### Brief
Set down the full data below exactly as given, please.

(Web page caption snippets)
- Opening Delimiter -

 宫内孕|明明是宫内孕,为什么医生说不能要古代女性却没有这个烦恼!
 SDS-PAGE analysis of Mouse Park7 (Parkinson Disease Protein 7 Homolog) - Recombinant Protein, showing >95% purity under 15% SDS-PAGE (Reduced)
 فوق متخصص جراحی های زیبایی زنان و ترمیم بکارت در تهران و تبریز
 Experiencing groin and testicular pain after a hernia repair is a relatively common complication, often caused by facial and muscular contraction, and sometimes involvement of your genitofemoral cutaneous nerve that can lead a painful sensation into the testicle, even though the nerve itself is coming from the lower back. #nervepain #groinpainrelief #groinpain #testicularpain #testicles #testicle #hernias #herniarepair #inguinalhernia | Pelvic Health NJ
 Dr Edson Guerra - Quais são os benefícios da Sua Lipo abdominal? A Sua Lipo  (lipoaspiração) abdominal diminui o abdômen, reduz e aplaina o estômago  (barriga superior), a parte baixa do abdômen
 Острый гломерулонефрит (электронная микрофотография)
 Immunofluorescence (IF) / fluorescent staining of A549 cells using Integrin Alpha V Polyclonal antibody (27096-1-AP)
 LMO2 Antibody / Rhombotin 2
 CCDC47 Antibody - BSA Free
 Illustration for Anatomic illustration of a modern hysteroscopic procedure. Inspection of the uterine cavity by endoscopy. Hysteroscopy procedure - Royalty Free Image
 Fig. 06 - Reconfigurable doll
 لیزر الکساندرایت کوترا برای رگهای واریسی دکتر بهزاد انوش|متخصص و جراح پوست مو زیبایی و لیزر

- Closing Delimiter -

### Exercise answer
 宫内孕|明明是宫内孕,为什么医生说不能要古代女性却没有这个烦恼!
 SDS-PAGE analysis of Mouse Park7 (Parkinson Disease Protein 7 Homolog) - Recombinant Protein, showing >95% purity under 15% SDS-PAGE (Reduced)
 فوق متخصص جراحی های زیبایی زنان و ترمیم بکارت در تهران و تبریز
 Experiencing groin and testicular pain after a hernia repair is a relatively common complication, often caused by facial and muscular contraction, and sometimes involvement of your genitofemoral cutaneous nerve that can lead a painful sensation into the testicle, even though the nerve itself is coming from the lower back. #nervepain #groinpainrelief #groinpain #testicularpain #testicles #testicle #hernias #herniarepair #inguinalhernia | Pelvic Health NJ
 Dr Edson Guerra - Quais são os benefícios da Sua Lipo abdominal? A Sua Lipo  (lipoaspiração) abdominal diminui o abdômen, reduz e aplaina o estômago  (barriga superior), a parte baixa do abdômen
 Острый гломерулонефрит (электронная микрофотография)
 Immunofluorescence (IF) / fluorescent staining of A549 cells using Integrin Alpha V Polyclonal antibody (27096-1-AP)
 LMO2 Antibody / Rhombotin 2
 CCDC47 Antibody - BSA Free
 Illustration for Anatomic illustration of a modern hysteroscopic procedure. Inspection of the uterine cavity by endoscopy. Hysteroscopy procedure - Royalty Free Image
 Fig. 06 - Reconfigurable doll
 لیزر الکساندرایت کوترا برای رگهای واریسی دکتر بهزاد انوش|متخصص و جراح پوست مو زیبایی و لیزر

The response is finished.